A town nearby had a small balloon fiesta and some went over my house...fun to watch.


----------



## Shirley (Sep 22, 2015)

Fabulous pictures, Bob. What a treat to see them. You were even lucky enough to catch a shooting star in one of them.  I just loved all the fanciful characters. Thanks for sharing.


----------



## SeaBreeze (Sep 22, 2015)

Great photos Bob!  :coolpics:  Bet you get a crick in your neck at one of those shows!  Have you ever been up in a balloon?


----------



## Bobw235 (Sep 22, 2015)

SeaBreeze said:


> Great photos Bob!  :coolpics:  Bet you get a crick in your neck at one of those shows!  Have you ever been up in a balloon?



I've never been up in a balloon.  Had the chance at the show, but the cost, some $250 was a bit rich for my blood, so I opted to stay on the ground and get the crick in my neck.    I took a lot of shots that day, and plenty of video too.  It was an amazing sight to see those balloons take off and with the cloudless sky and low humidity, the conditions were crystal clear for my camera.  The only downside?  Getting up at 2:30 in the morning to get down there by around 4:00 and stake out a spot.  It was freezing cold and there's nothing to do while waiting for dawn except stamp your feet and try to stay warm with hot coffee.  Still, it was a marvelous experience and Santa Fe was such a treat.  I'd go back there in a heartbeat.


----------



## Falcon (Sep 22, 2015)

WOW !   Didn't realize the event was so popular.  Nice photos.  Thanks.


----------



## Lon (Sep 22, 2015)

I went to the Reno Baloon Races last year. Can't make it this year.

The Great Reno Balloon Race 
The Great Reno Balloon Race is a hot-air balloon race held each September in Reno, Nevada. The event is held at the Rancho San Rafael Park, just west of the University of Nevada, Reno. Wikipedia


----------



## Bobw235 (Sep 22, 2015)

Falcon said:


> WOW !   Didn't realize the event was so popular.  Nice photos.  Thanks.

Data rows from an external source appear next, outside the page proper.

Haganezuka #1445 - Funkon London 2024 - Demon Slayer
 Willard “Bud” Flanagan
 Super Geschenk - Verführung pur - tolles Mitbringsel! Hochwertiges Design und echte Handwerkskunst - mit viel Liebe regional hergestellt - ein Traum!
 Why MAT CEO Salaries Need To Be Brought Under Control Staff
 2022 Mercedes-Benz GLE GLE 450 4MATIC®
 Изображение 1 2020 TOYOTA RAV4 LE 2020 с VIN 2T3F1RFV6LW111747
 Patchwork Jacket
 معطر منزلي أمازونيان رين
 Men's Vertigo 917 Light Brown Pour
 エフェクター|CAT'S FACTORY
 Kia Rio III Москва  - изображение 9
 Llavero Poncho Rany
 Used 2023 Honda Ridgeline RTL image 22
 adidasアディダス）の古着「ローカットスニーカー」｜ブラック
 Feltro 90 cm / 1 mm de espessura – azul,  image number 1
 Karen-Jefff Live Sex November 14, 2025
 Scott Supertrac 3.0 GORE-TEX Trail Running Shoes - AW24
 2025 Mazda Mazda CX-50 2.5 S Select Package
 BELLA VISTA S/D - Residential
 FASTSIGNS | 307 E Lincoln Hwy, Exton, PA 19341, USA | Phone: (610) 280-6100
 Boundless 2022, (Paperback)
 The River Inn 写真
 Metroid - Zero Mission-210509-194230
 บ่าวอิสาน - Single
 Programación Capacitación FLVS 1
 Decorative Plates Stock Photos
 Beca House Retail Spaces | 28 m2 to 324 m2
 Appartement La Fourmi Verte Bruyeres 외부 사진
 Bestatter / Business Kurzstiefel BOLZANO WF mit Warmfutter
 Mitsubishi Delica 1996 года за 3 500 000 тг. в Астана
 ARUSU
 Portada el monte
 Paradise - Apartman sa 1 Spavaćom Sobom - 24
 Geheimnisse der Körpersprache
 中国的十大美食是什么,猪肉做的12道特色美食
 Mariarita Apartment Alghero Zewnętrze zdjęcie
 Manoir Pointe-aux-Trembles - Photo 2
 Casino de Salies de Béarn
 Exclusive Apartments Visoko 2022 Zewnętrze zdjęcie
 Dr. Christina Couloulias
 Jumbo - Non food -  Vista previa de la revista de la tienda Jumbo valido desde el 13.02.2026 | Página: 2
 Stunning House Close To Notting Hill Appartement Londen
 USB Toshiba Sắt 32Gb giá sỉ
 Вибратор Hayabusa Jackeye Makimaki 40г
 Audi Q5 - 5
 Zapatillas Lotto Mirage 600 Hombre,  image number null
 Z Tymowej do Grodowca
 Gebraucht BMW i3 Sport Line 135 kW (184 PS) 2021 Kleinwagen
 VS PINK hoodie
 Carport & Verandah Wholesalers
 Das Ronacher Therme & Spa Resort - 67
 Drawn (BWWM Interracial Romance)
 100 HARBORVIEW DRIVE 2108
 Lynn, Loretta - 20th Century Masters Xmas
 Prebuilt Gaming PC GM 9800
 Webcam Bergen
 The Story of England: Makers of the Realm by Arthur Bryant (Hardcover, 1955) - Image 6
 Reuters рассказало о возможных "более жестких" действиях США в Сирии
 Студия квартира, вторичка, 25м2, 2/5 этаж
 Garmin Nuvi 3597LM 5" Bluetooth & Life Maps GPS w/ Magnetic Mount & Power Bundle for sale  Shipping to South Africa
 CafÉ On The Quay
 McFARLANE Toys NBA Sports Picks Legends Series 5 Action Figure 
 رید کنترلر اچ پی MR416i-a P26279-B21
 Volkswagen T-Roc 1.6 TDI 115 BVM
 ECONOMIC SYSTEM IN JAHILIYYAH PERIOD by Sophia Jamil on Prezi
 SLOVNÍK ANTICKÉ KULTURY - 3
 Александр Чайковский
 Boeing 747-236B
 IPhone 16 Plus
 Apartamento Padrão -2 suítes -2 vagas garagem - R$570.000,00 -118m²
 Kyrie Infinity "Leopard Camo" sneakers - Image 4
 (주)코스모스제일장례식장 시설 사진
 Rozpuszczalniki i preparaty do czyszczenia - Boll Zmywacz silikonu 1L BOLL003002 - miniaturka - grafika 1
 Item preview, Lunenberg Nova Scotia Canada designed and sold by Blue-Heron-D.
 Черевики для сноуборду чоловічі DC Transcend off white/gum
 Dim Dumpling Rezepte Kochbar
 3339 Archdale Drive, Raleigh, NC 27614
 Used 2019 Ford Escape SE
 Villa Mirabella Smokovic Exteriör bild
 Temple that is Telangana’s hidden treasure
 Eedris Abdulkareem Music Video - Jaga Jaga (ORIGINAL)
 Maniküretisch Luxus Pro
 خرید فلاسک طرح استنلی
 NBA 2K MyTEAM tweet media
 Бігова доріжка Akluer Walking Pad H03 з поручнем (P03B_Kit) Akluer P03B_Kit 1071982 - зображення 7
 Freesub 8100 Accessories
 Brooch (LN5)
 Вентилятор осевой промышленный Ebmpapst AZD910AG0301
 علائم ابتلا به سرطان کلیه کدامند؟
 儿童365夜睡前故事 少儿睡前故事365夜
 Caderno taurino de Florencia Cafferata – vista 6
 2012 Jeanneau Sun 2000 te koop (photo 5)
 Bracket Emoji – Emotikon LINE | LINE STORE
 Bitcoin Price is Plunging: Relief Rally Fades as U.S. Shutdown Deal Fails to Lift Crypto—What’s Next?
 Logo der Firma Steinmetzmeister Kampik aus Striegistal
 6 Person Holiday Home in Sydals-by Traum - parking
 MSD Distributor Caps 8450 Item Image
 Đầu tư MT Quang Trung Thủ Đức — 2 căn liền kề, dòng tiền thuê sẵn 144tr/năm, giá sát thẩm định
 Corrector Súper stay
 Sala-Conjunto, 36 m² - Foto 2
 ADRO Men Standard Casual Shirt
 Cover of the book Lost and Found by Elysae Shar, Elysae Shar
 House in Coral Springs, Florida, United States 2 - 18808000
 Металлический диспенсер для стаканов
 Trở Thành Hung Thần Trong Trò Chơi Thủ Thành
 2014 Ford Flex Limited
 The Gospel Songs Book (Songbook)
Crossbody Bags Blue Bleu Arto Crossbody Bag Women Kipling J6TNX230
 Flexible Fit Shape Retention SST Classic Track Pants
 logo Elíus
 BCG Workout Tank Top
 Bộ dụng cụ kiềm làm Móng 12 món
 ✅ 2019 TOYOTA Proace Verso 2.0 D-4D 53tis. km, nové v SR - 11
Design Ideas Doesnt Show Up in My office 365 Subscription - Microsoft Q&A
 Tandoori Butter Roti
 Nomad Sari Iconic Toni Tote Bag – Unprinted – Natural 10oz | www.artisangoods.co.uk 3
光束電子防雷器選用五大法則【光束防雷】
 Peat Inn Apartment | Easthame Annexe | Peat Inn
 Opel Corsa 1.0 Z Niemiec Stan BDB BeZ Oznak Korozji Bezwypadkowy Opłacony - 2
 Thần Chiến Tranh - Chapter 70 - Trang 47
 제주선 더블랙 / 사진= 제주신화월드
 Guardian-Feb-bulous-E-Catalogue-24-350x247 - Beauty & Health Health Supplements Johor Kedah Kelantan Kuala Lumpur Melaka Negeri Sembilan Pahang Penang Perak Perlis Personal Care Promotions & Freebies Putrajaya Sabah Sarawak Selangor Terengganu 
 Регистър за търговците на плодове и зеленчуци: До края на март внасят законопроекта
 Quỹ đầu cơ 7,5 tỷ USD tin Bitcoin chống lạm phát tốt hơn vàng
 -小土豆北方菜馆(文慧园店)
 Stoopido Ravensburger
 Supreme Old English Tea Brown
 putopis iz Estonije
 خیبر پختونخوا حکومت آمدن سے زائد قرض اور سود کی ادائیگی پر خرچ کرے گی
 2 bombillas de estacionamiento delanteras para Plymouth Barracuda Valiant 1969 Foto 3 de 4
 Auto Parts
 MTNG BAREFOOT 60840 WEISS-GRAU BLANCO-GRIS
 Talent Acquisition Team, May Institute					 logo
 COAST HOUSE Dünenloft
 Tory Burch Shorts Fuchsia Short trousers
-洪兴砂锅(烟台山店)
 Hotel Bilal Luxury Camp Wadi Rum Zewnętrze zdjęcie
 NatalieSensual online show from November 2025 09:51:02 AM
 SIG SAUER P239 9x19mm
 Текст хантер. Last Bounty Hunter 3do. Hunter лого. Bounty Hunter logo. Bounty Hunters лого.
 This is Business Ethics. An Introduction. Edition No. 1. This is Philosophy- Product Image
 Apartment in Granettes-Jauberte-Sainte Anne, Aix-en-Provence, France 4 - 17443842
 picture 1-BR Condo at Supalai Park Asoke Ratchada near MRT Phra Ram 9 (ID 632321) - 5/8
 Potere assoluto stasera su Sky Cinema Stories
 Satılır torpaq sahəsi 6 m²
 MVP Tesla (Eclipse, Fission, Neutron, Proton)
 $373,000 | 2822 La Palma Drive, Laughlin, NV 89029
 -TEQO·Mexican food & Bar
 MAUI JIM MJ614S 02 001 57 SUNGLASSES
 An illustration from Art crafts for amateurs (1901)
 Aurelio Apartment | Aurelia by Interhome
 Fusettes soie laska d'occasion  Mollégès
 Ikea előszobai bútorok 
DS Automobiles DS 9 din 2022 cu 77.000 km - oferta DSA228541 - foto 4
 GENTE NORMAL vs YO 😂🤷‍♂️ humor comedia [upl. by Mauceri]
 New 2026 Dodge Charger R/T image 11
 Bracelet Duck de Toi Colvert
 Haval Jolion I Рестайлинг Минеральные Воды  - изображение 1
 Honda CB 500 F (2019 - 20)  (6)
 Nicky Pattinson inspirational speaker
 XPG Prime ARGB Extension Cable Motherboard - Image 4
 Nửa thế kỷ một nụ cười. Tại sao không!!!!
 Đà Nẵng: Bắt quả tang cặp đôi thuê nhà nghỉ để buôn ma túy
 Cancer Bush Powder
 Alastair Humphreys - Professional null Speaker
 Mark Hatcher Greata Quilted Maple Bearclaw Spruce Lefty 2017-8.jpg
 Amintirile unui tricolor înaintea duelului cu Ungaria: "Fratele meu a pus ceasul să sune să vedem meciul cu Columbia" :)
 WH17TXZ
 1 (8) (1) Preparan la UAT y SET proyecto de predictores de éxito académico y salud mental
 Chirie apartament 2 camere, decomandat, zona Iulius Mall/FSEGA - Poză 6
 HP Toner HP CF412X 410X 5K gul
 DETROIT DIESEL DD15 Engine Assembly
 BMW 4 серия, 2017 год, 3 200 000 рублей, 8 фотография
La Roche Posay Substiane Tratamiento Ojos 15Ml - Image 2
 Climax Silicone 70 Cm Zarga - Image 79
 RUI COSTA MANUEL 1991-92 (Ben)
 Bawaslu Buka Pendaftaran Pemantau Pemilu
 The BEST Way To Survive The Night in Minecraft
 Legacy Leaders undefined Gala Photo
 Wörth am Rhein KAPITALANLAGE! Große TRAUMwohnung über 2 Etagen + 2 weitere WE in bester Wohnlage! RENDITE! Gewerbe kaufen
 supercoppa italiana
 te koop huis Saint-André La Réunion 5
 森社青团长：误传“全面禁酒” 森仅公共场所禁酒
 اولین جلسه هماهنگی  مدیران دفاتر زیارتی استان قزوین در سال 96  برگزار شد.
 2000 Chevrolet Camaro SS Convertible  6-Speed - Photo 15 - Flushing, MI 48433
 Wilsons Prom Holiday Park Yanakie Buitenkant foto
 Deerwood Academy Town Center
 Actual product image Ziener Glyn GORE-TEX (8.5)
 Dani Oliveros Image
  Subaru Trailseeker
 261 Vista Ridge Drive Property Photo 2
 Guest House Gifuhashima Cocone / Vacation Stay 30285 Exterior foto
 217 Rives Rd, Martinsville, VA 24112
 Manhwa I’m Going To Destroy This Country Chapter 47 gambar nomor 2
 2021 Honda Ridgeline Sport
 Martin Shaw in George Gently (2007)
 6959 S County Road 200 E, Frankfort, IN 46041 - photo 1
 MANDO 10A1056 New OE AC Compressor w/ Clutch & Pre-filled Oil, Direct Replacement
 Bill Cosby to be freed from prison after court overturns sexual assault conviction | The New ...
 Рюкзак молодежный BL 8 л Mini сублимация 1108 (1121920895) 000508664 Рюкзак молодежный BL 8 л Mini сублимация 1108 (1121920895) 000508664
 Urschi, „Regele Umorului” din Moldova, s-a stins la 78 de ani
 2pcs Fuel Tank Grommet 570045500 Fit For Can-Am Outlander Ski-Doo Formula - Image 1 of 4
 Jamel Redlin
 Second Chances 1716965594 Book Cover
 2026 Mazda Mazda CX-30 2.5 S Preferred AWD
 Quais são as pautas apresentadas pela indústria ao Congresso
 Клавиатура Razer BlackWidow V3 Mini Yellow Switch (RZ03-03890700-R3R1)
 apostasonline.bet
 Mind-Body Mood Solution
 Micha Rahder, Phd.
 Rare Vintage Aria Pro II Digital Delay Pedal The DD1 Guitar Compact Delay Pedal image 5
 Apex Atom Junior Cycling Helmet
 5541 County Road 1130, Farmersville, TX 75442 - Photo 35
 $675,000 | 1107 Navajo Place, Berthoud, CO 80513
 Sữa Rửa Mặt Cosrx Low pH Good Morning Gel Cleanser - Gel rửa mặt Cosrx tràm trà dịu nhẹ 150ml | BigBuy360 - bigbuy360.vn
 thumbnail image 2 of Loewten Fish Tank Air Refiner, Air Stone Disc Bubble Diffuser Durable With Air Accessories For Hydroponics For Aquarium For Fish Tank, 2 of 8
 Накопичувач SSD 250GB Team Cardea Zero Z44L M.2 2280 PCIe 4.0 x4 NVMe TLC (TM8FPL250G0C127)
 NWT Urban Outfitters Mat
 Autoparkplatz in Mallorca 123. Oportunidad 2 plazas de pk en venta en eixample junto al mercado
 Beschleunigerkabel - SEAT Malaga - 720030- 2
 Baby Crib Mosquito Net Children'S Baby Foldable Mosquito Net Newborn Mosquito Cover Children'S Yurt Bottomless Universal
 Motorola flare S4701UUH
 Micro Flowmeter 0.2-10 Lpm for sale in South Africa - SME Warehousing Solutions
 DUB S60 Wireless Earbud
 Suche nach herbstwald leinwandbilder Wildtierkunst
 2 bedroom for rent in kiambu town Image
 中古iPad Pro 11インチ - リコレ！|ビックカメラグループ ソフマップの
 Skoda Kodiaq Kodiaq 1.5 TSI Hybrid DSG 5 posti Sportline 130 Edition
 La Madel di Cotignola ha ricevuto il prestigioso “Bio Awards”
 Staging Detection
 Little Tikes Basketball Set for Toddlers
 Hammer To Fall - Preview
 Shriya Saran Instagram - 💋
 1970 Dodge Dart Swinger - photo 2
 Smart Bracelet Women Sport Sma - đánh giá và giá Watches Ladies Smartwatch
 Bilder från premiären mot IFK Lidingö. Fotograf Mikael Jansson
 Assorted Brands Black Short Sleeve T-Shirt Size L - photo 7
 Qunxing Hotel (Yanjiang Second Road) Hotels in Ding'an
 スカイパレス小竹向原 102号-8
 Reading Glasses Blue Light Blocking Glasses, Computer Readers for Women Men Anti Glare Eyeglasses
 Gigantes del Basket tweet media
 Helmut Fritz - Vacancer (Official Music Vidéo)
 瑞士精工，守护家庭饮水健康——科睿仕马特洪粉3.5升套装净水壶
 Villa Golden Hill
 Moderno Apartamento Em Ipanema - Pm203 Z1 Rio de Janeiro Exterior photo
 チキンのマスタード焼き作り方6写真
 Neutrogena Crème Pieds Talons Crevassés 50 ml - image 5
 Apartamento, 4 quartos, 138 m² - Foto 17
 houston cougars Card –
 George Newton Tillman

I had never been, but was amazed at how many people showed up.  We were lucky to have gone on the first day as on subsequent days the wind kicked up and limited how many balloons went off. The colors and shapes of the balloons are great.


----------



## hollydolly (Sep 22, 2015)

Great pictures Bob...we used to go to the Hot Air Balloon festival occasionally..but we haven't been for a few years. It's held every year in Bristol...and it's a spectacular show. The Ballooons are absolutely enormous!

I haven't got any recent photos of the festival but here are some I pinched from Google of this years event  which was held 4 weeks ago!!


----------



## hollydolly (Sep 22, 2015)




----------



## oldman (Sep 24, 2015)

Been there myself, Bob.


----------